Exercise inputs below:

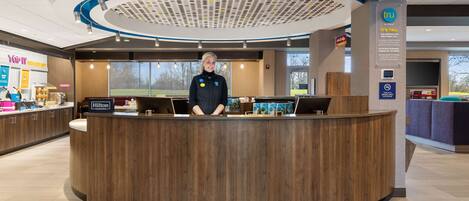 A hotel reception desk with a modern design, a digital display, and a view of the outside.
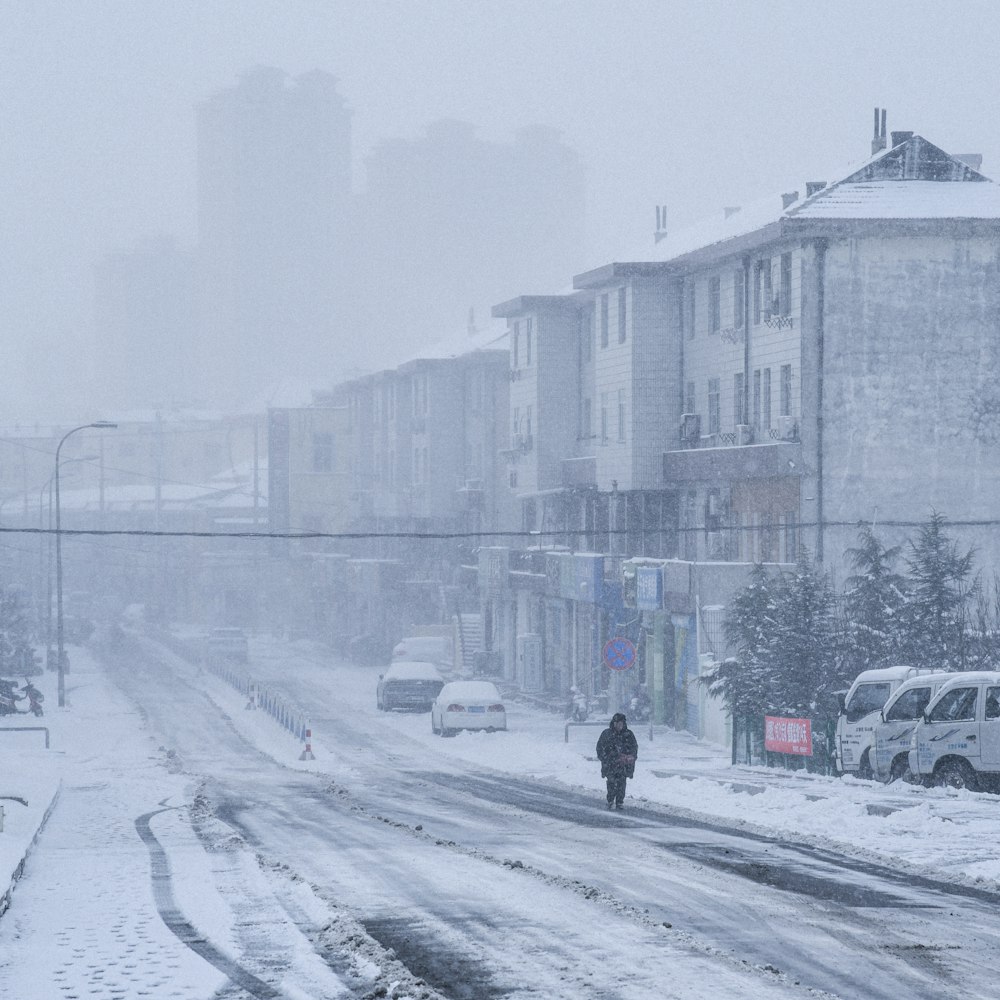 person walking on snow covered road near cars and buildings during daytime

End of Exercise inputs.
Exercise inputs below:

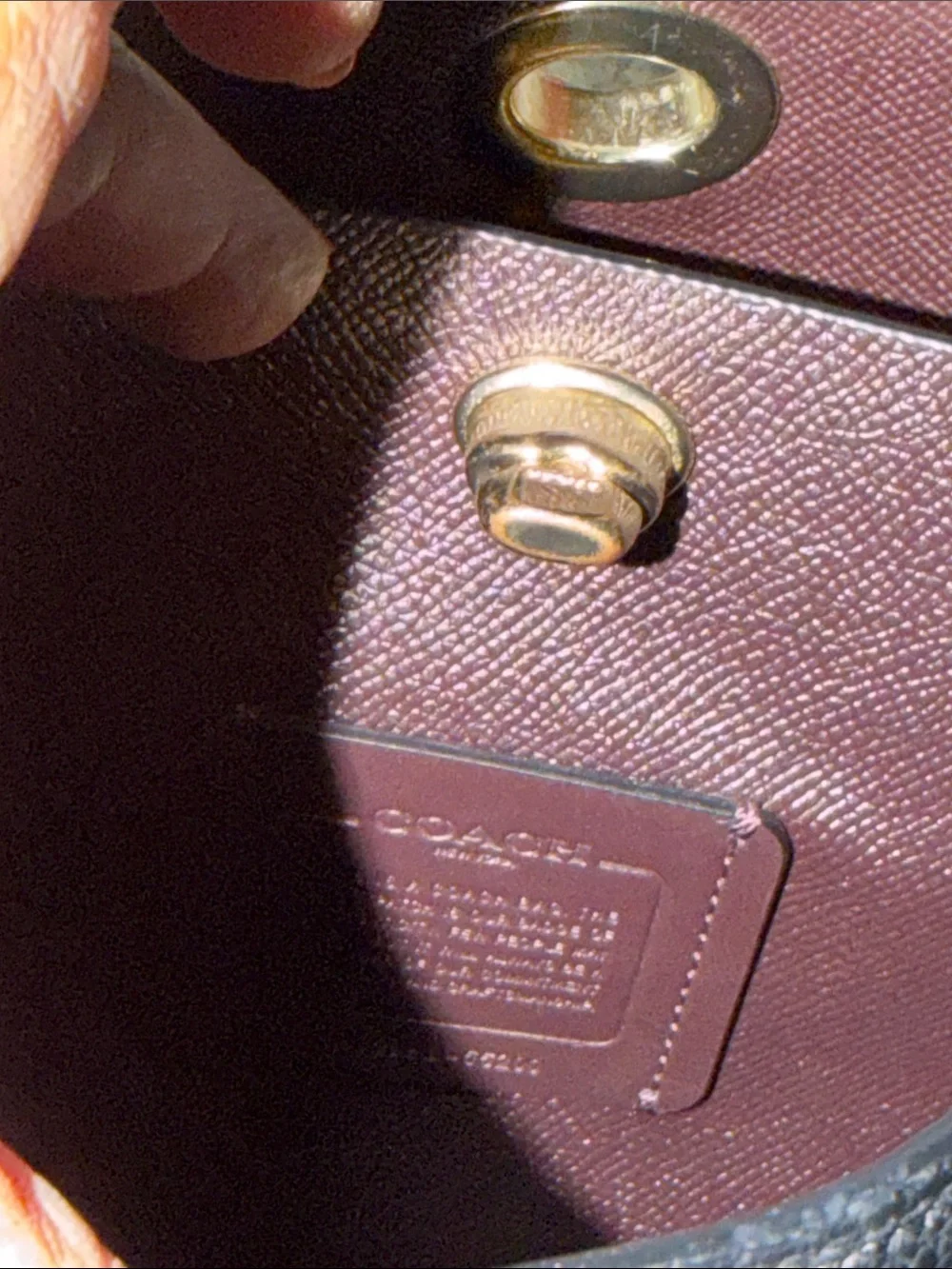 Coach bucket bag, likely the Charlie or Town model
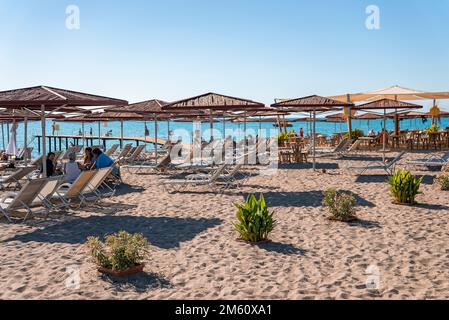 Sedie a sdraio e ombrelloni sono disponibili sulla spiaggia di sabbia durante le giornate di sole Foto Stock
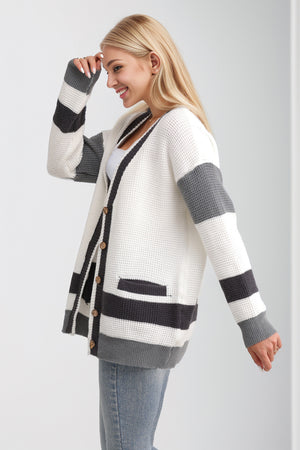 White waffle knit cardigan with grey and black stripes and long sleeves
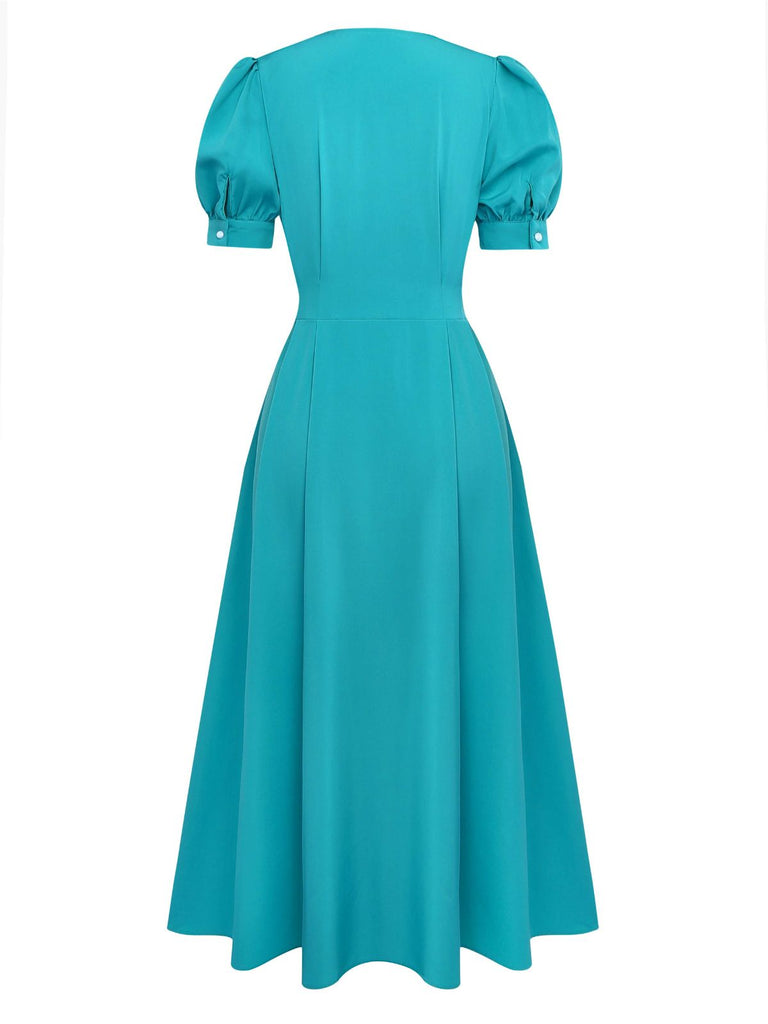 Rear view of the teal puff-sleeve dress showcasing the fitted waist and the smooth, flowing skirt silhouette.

End of Exercise inputs.

● **What to do**
The response must repeat exactly the lines above from the one with "Sedie a sdraio" through the one with "Rear view of", including both, and must contain no pictures and no other text.

● **Response to this exercise**
 Sedie a sdraio e ombrelloni sono disponibili sulla spiaggia di sabbia durante le giornate di sole Foto Stock
 White waffle knit cardigan with grey and black stripes and long sleeves
 Rear view of the teal puff-sleeve dress showcasing the fitted waist and the smooth, flowing skirt silhouette.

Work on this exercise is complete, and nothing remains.